Start of Block

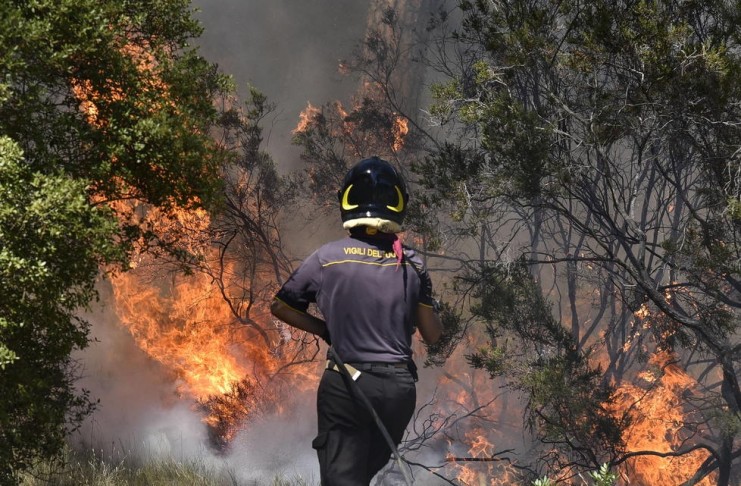 INCENDI IN TOSCANA, DISASTRO IMMANE. RICHIESTA COMUNICAZIONE URGENTE A ROSSI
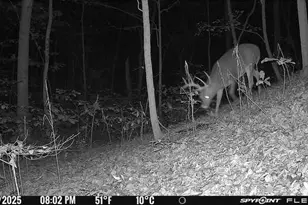 6274 Sr 129, Vevay, IN 47043 - Photo 55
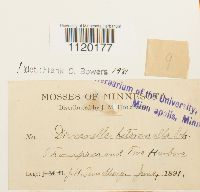 Dicranella heteromalla image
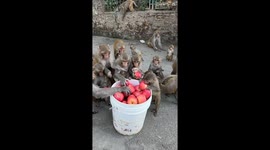 Feeding Wild Monkeys a Bucket of Apples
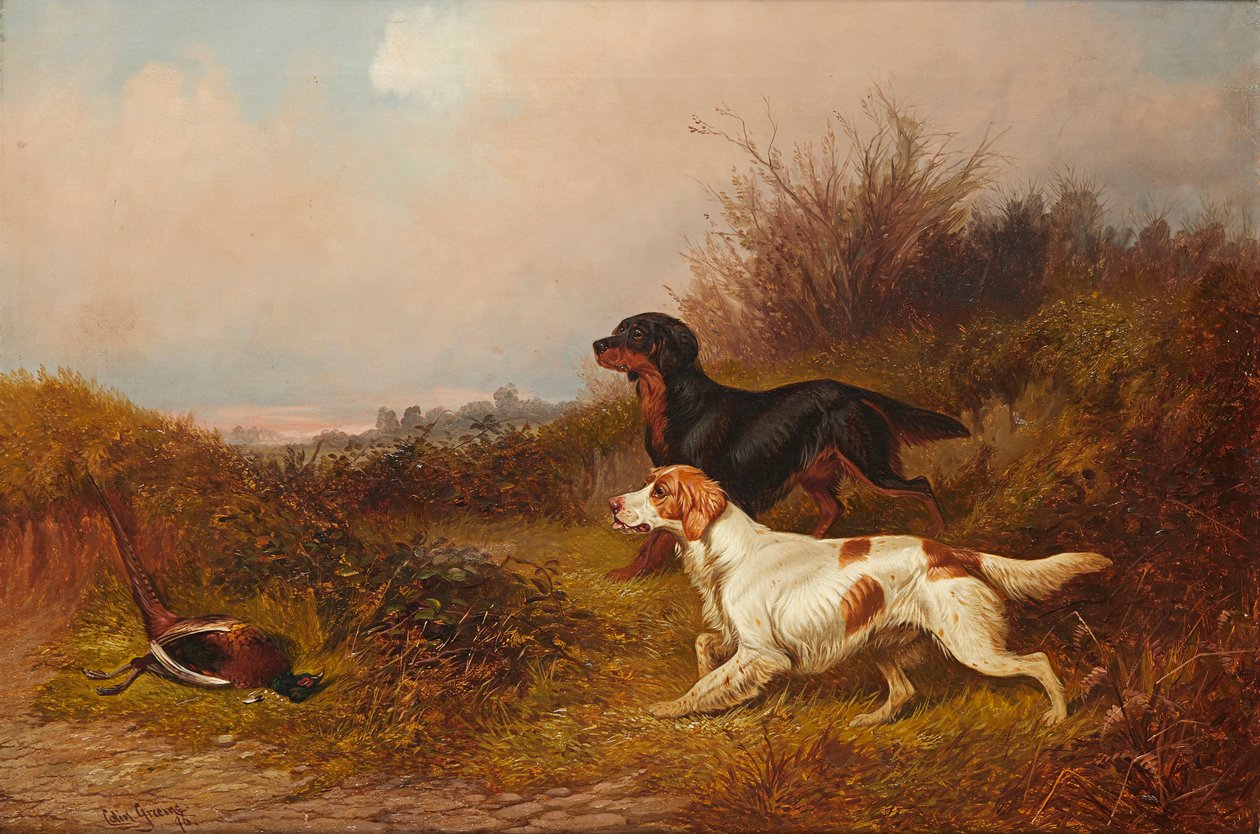 Retrievers at Work (öljy kankaalle) tekijältä Colin Graeme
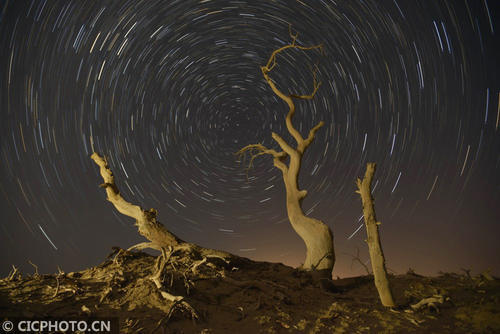 新疆塔里木盆地：星光下的千年胡杨林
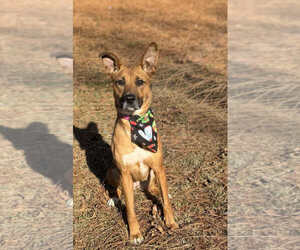 June - Female Mutt Dog for Adoption - Photo #4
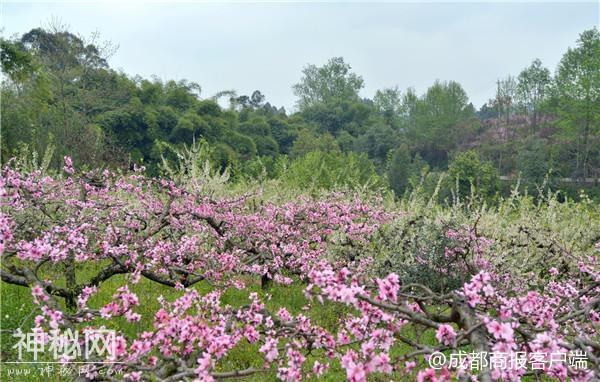 邛崃茶园古镇1300亩桃花开了 除了看桃花朵朵还能耍上百种游戏-1.jpg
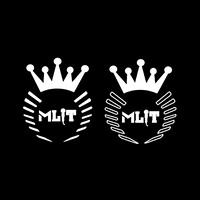MLIT WORLD logo - Similar company to Par Enchantement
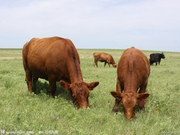 informat_1551835164043 informat_1551835164043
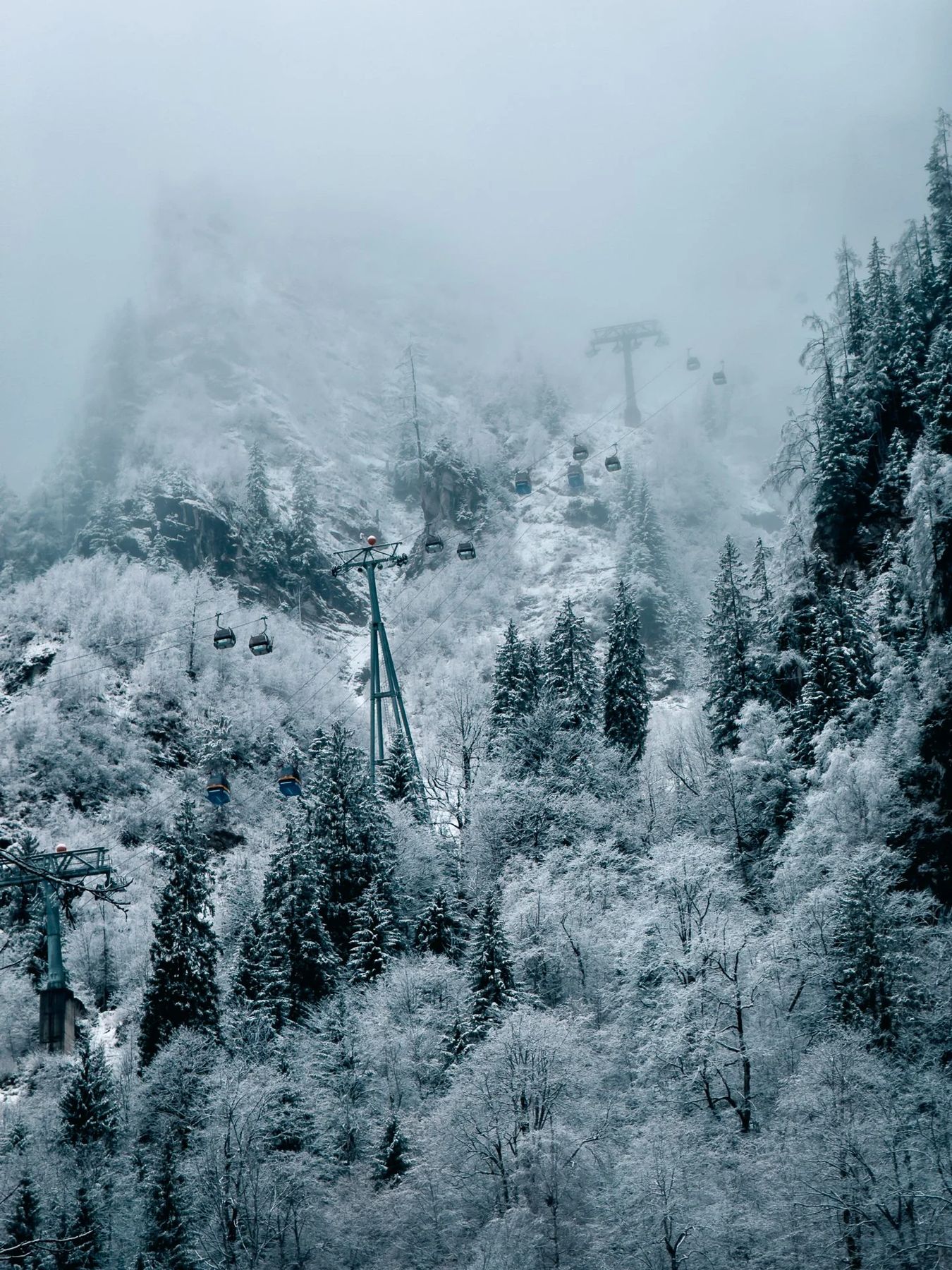 Winter 24/25 – iPhone Moments, Bild 7 von 10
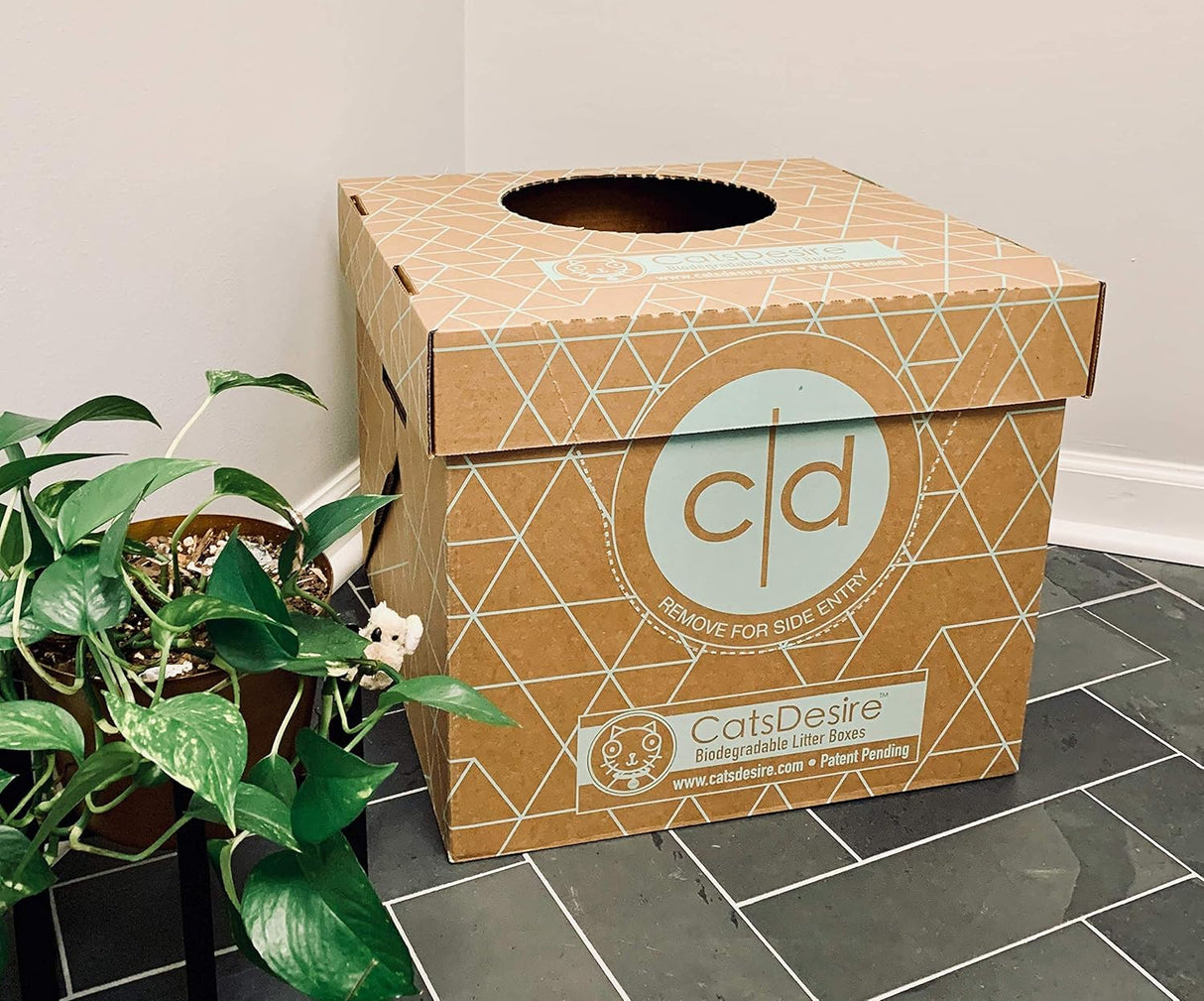 Caja de arena biodegradable de entrada superior o lateral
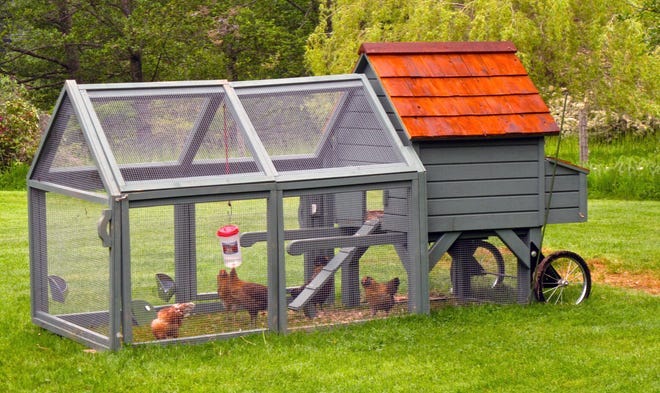 Chickens can be helpful - and challenging - for gardeners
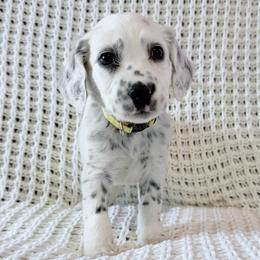 Pluto - White and black male Dalmatian puppy in Jefferson, Georgia from Spotted Jewels Dalmatians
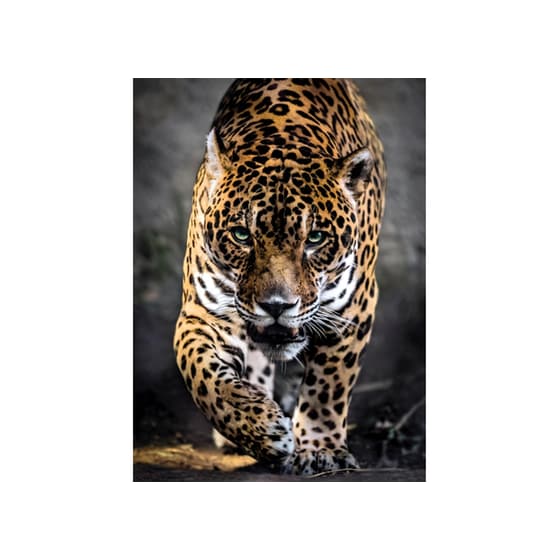 Παζλ Clementoni High Quality Ιαγουάρος (1000 Κομμάτια) image 1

End of Block

▶ [Your task]: Output the data above verbatim, pictures excluded.

▶ [The completed task]:
 INCENDI IN TOSCANA, DISASTRO IMMANE. RICHIESTA COMUNICAZIONE URGENTE A ROSSI
 6274 Sr 129, Vevay, IN 47043 - Photo 55
 Dicranella heteromalla image
 Feeding Wild Monkeys a Bucket of Apples
 Retrievers at Work (öljy kankaalle) tekijältä Colin Graeme
 新疆塔里木盆地：星光下的千年胡杨林
 June - Female Mutt Dog for Adoption - Photo #4
 邛崃茶园古镇1300亩桃花开了 除了看桃花朵朵还能耍上百种游戏-1.jpg
MLIT WORLD logo - Similar company to Par Enchantement
 informat_1551835164043 informat_1551835164043
 Winter 24/25 – iPhone Moments, Bild 7 von 10
 Caja de arena biodegradable de entrada superior o lateral
 Chickens can be helpful - and challenging - for gardeners
 Pluto - White and black male Dalmatian puppy in Jefferson, Georgia from Spotted Jewels Dalmatians
 Παζλ Clementoni High Quality Ιαγουάρος (1000 Κομμάτια) image 1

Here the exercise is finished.